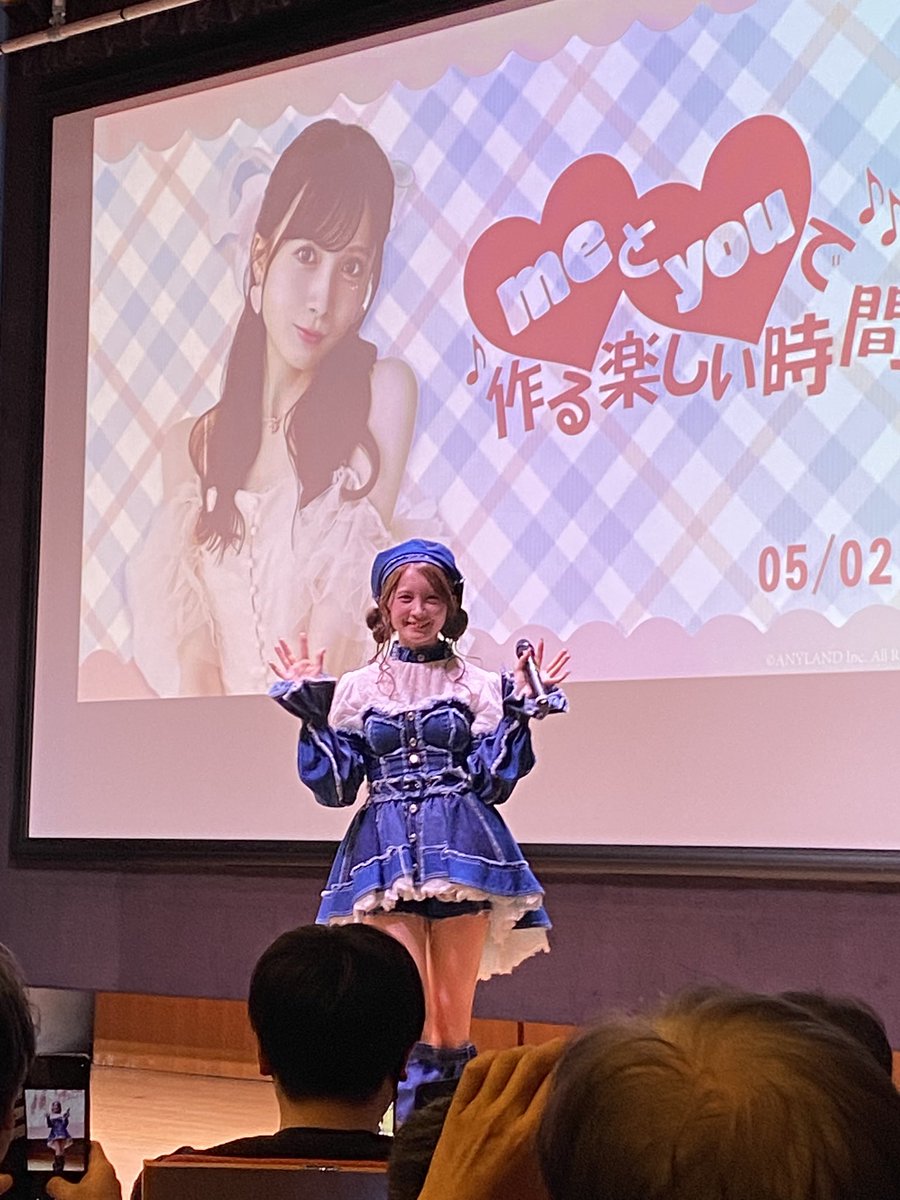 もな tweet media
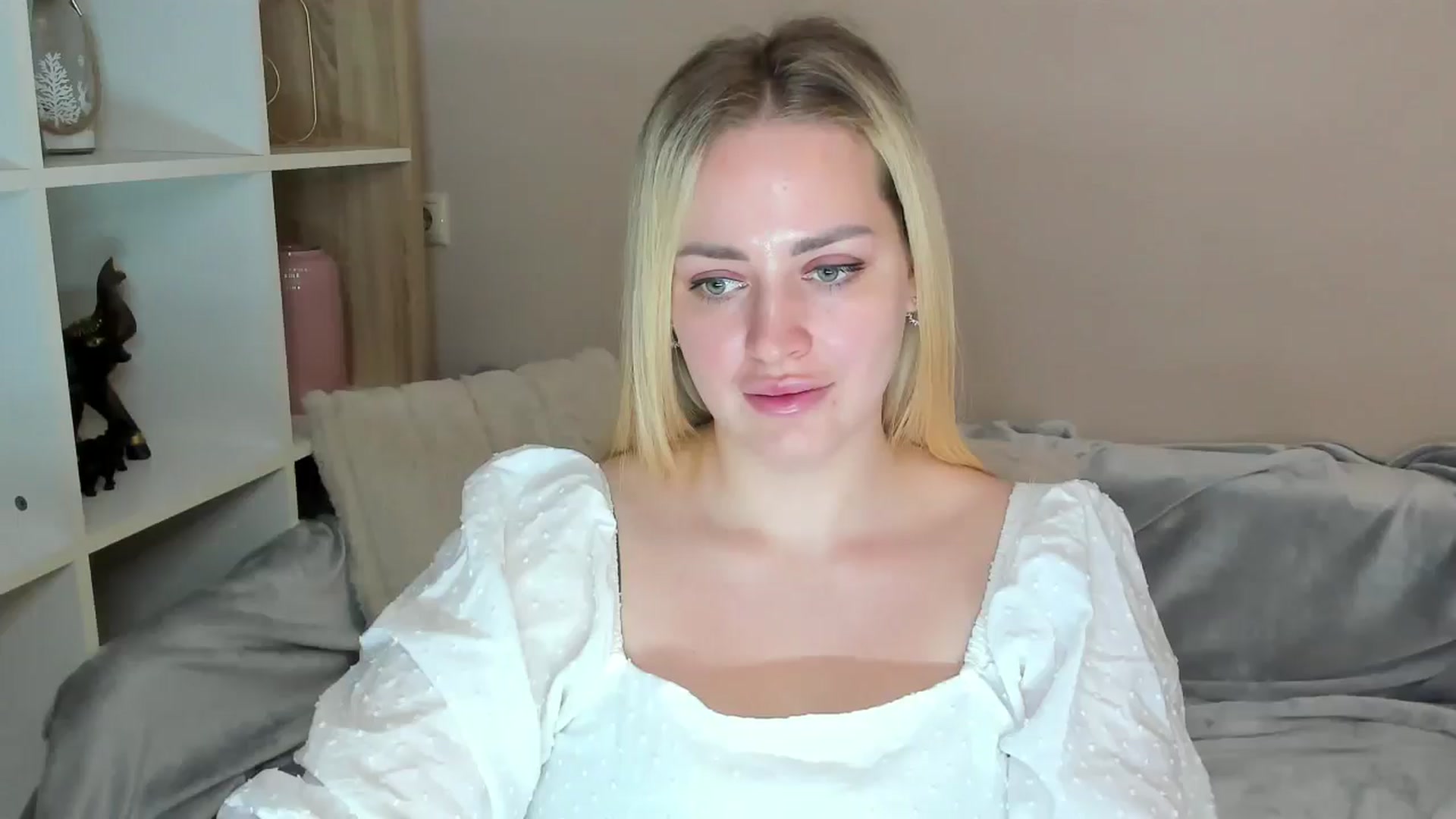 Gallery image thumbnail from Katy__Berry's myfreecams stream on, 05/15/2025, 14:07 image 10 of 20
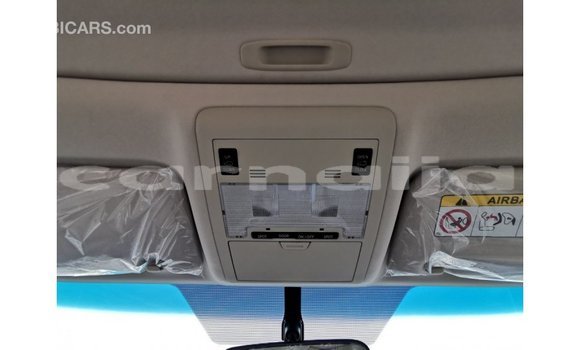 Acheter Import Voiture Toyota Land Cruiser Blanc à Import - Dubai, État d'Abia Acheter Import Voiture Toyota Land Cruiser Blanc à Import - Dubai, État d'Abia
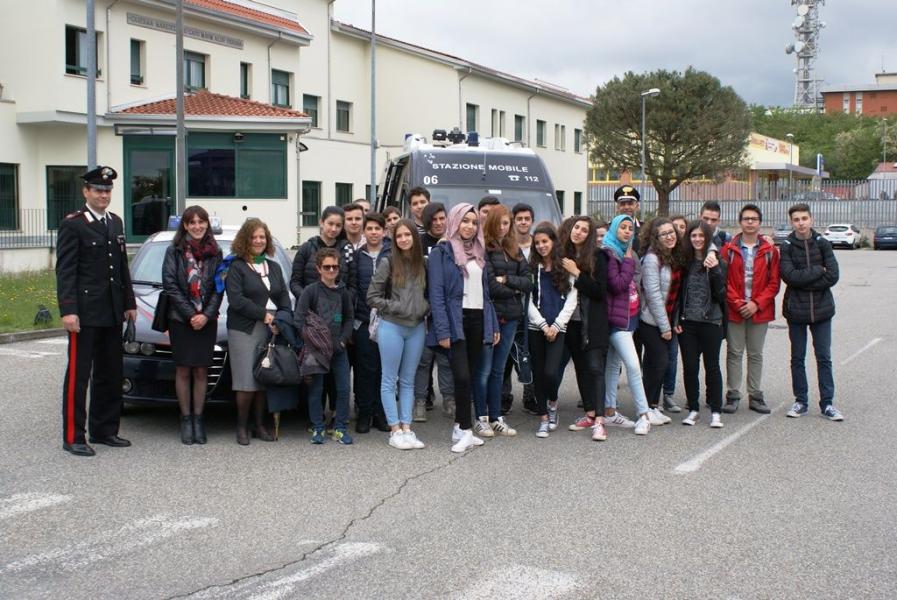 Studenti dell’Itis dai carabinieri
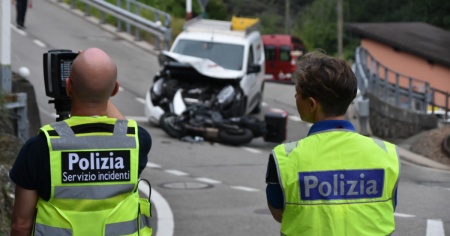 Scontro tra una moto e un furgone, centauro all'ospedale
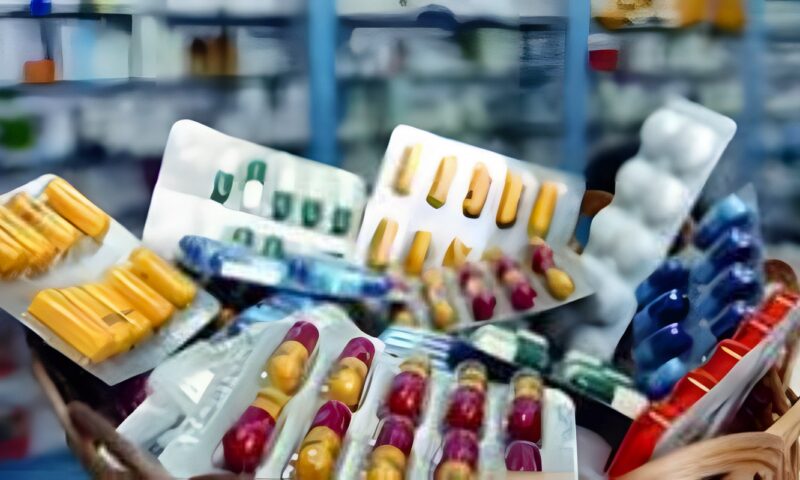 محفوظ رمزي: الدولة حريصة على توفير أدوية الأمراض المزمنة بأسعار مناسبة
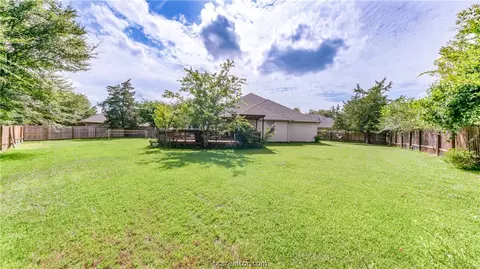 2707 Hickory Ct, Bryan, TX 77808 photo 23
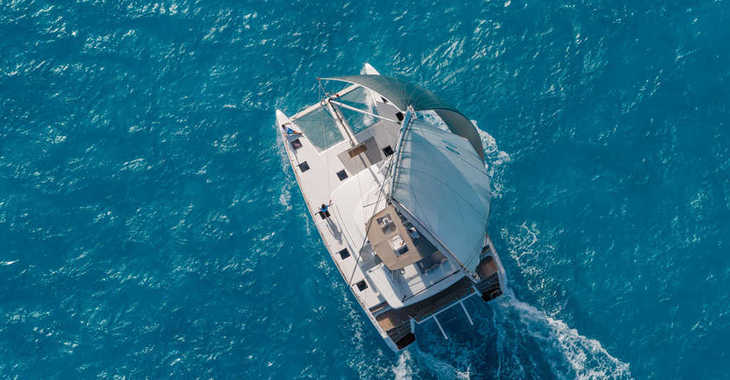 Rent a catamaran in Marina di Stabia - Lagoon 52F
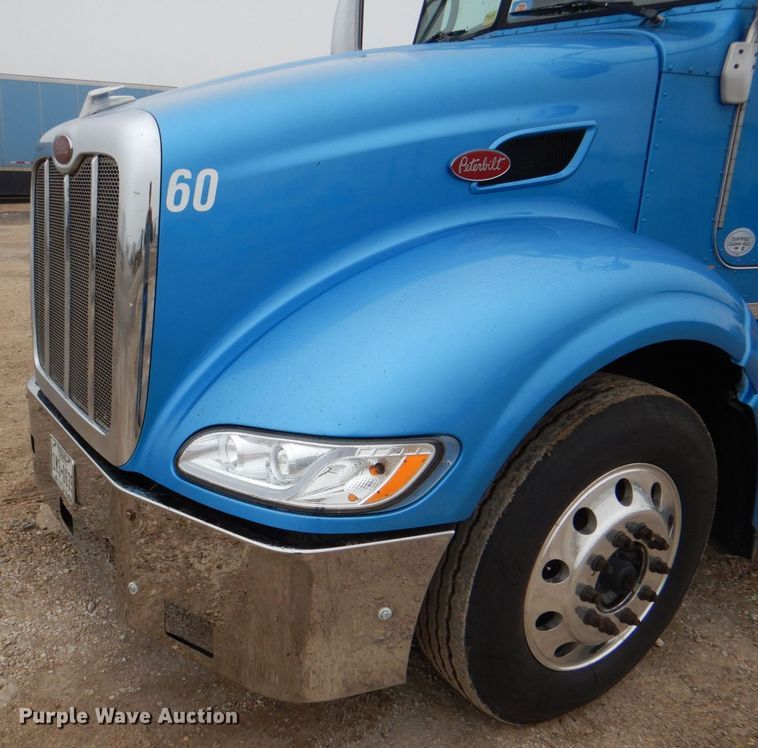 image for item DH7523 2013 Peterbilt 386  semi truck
────────────────
**Task requirements**: If the records include pictures, omit them and transcribe everything else exactly.

**Your solution**:
 もな tweet media
 Gallery image thumbnail from Katy__Berry's myfreecams stream on, 05/15/2025, 14:07 image 10 of 20
 Acheter Import Voiture Toyota Land Cruiser Blanc à Import - Dubai, État d'Abia Acheter Import Voiture Toyota Land Cruiser Blanc à Import - Dubai, État d'Abia
 Studenti dell’Itis dai carabinieri
 Scontro tra una moto e un furgone, centauro all'ospedale
 محفوظ رمزي: الدولة حريصة على توفير أدوية الأمراض المزمنة بأسعار مناسبة
 2707 Hickory Ct, Bryan, TX 77808 photo 23
 Rent a catamaran in Marina di Stabia - Lagoon 52F
 image for item DH7523 2013 Peterbilt 386  semi truck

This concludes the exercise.